The built-in default behavior is intentionally simple and practical:

  • Cordero covalent radii (cordero2008) are the preferred covalent target set, with missing values substituted from the legacy CSD covalent radii (csd_legacy_cov).
  • Alvarez van der Waals radii (alvarez2013) are the preferred vdW target set, with missing values restored from the Rahm isodensity atomic radii (rahm2016) through a fitted linear transfer.
  • CSD/ConQuest hydrogen-normalisation defaults (csd_legacy_xh_cno) are a provisional sparse X–H target set for C, N, and O, with other parent elements inferred from Cordero covalent radii through a fitted linear transfer.

Nested policy predictors are supported too. LinearTransfer separates fit-time use of nested predictor values from prediction-time use. By default, the fit may use only direct nested values, while the final requested element may still use one additional nested completion step. That is a useful compromise for workflows such as provisional X–H inference from a chosen covalent-radii policy.

Quick example

>>> import atomref as ar
>>> ar.get_covalent_radius("C")
0.76
>>> ar.get_vdw_radius("O")
1.5
>>> ar.get_xh_bond_length("N")
1.015
>>> lookup = ar.lookup_vdw_radius("Pm")
>>> lookup.value
2.8972265395148358
>>> lookup.source
'transfer_linear'
>>> lookup.transfer_depth
1
>>> lookup.resolved_from
(DatasetRef(quantity='atomic_radius', set_id='rahm2016'),)

get_* returns only the number. lookup_* returns a LookupResult that also records where the value came from, whether a transfer model or policy source was involved, and how many transfer steps were needed (transfer_depth).

You can inspect the packaged quantity and dataset catalog directly:

>>> import atomref as ar
>>> ar.list_quantities()
('covalent_radius', 'van_der_waals_radius', 'atomic_radius', 'xh_bond_length')
>>> ar.get_quantity_info("xh_bond_length")
QuantityInfo(quantity='xh_bond_length', domain='element', units='angstrom', description='Element-indexed reference X-H bond lengths keyed by parent element X and intended for hydrogen-position normalisation or related geometry workflows.')
>>> [info.ref.set_id for info in ar.list_dataset_infos("van_der_waals_radius", usage_role="target")]
['bondi1964', 'rowland_taylor1996', 'alvarez2013', 'chernyshov2020']

You can also load a packaged set directly:

>>> import atomref as ar
>>> vdw = ar.get_radii_set("van_der_waals", "alvarez2013")
>>> vdw.get("O")
1.5
>>> xh = ar.get_xh_set("csd_legacy_xh_cno")
>>> xh.get("C")
1.089

Notebook walkthroughs

The repository ships example notebooks for the main workflows. In the documentation they are also available as rendered Markdown pages, so users can read them without opening Jupyter first.

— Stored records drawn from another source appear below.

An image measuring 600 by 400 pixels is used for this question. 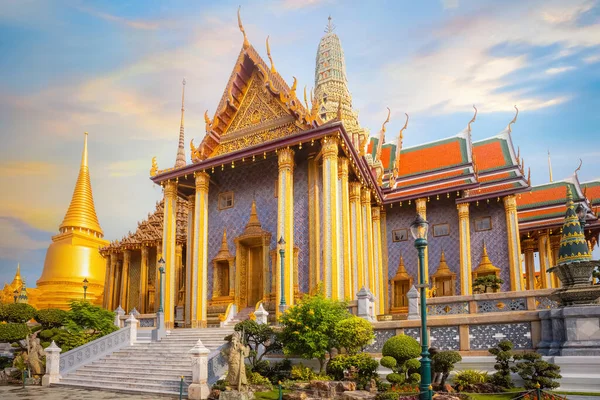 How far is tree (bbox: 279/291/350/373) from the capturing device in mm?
11719

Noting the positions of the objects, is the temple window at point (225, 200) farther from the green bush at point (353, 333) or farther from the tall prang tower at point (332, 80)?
the tall prang tower at point (332, 80)

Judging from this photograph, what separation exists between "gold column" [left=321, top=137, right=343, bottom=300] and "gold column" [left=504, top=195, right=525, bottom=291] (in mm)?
9008

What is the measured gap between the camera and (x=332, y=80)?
38750 millimetres

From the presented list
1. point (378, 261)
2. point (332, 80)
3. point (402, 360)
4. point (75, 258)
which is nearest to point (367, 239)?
point (378, 261)

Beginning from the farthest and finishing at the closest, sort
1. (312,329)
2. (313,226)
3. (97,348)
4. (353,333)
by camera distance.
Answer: (313,226) → (97,348) → (312,329) → (353,333)

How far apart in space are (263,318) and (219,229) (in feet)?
19.6

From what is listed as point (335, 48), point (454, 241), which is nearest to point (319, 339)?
point (454, 241)

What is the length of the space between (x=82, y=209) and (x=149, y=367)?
92.9 feet

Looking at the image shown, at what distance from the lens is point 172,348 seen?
14727 mm

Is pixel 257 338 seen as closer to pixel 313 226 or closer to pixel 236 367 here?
pixel 236 367

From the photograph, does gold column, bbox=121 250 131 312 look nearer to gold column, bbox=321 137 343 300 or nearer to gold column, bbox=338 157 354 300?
gold column, bbox=338 157 354 300

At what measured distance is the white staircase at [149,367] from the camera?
1241cm

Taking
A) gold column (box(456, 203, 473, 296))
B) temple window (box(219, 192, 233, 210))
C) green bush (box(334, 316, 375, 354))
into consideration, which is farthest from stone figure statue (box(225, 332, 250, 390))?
gold column (box(456, 203, 473, 296))

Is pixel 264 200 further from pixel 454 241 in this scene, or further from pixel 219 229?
pixel 454 241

Relationship to Delone Commons

atomref is designed as a standalone package, but within Delone Commons it is primarily intended to support chemistry-aware packages such as:

  • molcryst, for covalent-bond detection, contact analysis, and hydrogen workflows,
  • future chemvoro, for chemistry-aware contact and hydrogen workflows.

By contrast, pyvoro2 and pbcgraph are intentionally general mathematical packages and are not direct consumers of atomref.

Data curation and developer tools

The repository also ships small maintenance tools. The most important ones are:

  • python tools/check_registry.py — validate curated registry metadata against packaged CSV tables,
  • python tools/check_notebooks.py — execute notebook code cells,
  • python tools/export_notebooks.py — turn notebooks into Markdown pages for the docs,
  • python tools/gen_readme.py — regenerate README.md from this page,
  • python tools/release_check.py — run the full release-preparation checklist, including linting, tests, docs, builds, and artifact validation.

See the tools README for a short description of each script.